I believe such a change would be source-compatible, but might require
some severe changes at the bytecode/class-file-format level, to allow
to specify such a lower bound in a type signature. Such a change should
be possible in a way, that old class-files can still be used. e.g.:
get9th:(]10I)I (currently without bounds: get9th:([I)I )

Methods could overload others just for different length-bounds.
The one with the largest provably satisfyable length-bound would be
chosen among those with otherwise matching signature.

I believe that there will be no issue about contravariance with this
scenario, thus no need to ever specify upper-bounds. If I'm missing
something, I'd be interested to know.

Any technical flaws so far?

One reason that might thwart it could be, that arrays are already
a step-child of Java (generics), so anything about improving on
them may be seen as a down-side, generally, for conceivably making
them more safe, thus more inviting to be used.
Another one could be, that ArrayIndexOutOfBoundsExceptions are
not currently perceived as a problem that could be alleviated
by static checks, anyway.
 
J

Joshua Cranmer

I believe such a change would be source-compatible, but might require
some severe changes at the bytecode/class-file-format level, to allow
to specify such a lower bound in a type signature. Such a change should
be possible in a way, that old class-files can still be used. e.g.:
get9th:(]10I)I (currently without bounds: get9th:([I)I )

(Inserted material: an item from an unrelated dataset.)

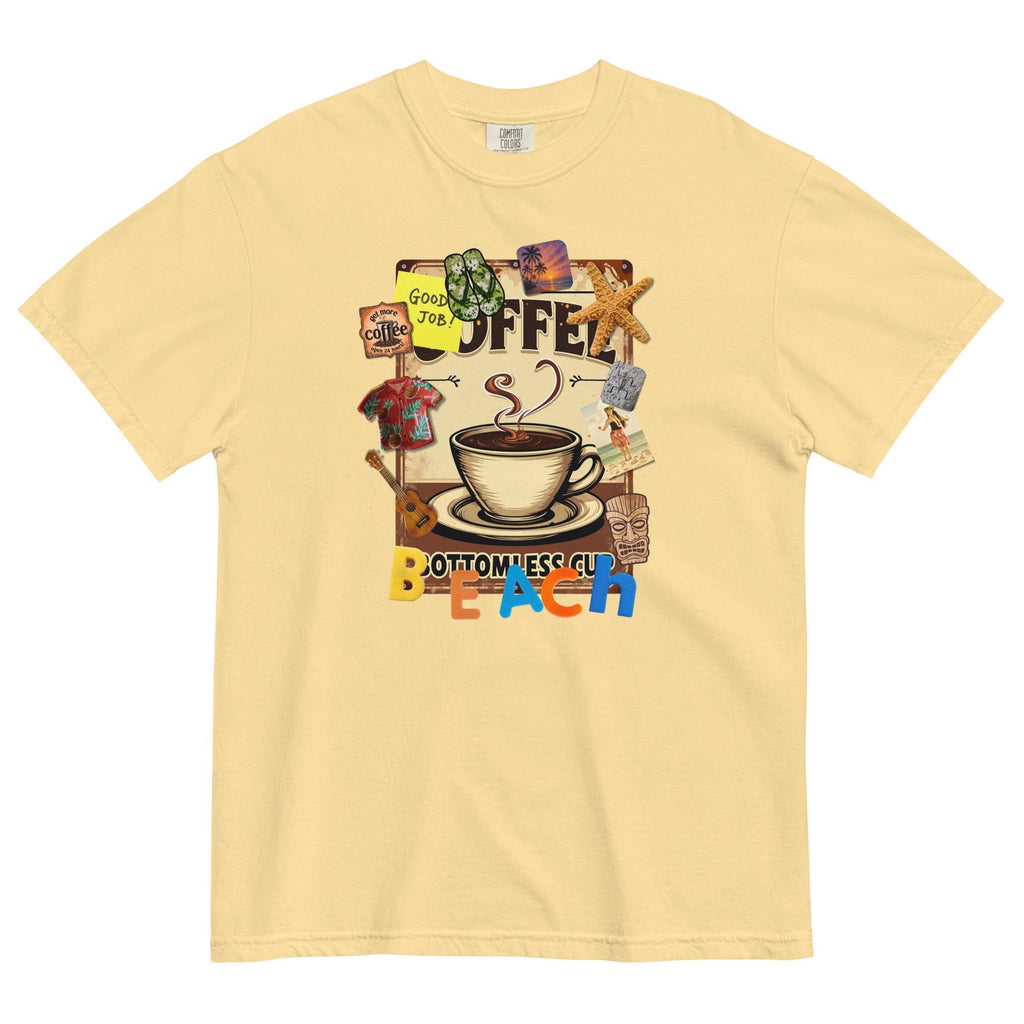 Coffee Beach Shirt Comfort Colors summer t-shirt beach coffee tee beach trip Unisex  t-shirt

You could do it by adding a few new annotations, one to annotate
min-length values for method parameters/return value and one for the
fields. Note that this means that the type information is lost at
runtime, so an int[123] is sugared at runtime as int[] and could not be
exposed as int[123] (you would also have to add more information into
the LocalVariableTable).

The issue you get here is that often times the size of the array bound
isn't useful in terms of a static number constant, but rather in terms
of previous constants, e.g. if you want to get the i'th pixel of an rgb
pixel byte array, you need to guarantee that the length is at least 3 * i.

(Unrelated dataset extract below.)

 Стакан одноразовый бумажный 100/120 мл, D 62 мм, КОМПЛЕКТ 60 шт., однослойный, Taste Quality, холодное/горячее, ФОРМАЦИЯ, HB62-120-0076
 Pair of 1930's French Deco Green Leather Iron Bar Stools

On the other hand, I'm not sure the utility of this is particularly
great. You wouldn't be able to avoid any more runtime checks beyond what
the JIT could most likely already optimize out.
 
R

Robert Klemme

The point of the idea is, that array variables would be added a static
bit of information, namely a lower bound (0 by default) for the length
of an array that can legally be stored in that variable.
I believe such a change would be source-compatible, but might require
some severe changes at the bytecode/class-file-format level, to allow
to specify such a lower bound in a type signature. Such a change should
be possible in a way, that old class-files can still be used. e.g.:
get9th:(]10I)I (currently without bounds: get9th:([I)I )

Methods could overload others just for different length-bounds.
The one with the largest provably satisfyable length-bound would be
chosen among those with otherwise matching signature.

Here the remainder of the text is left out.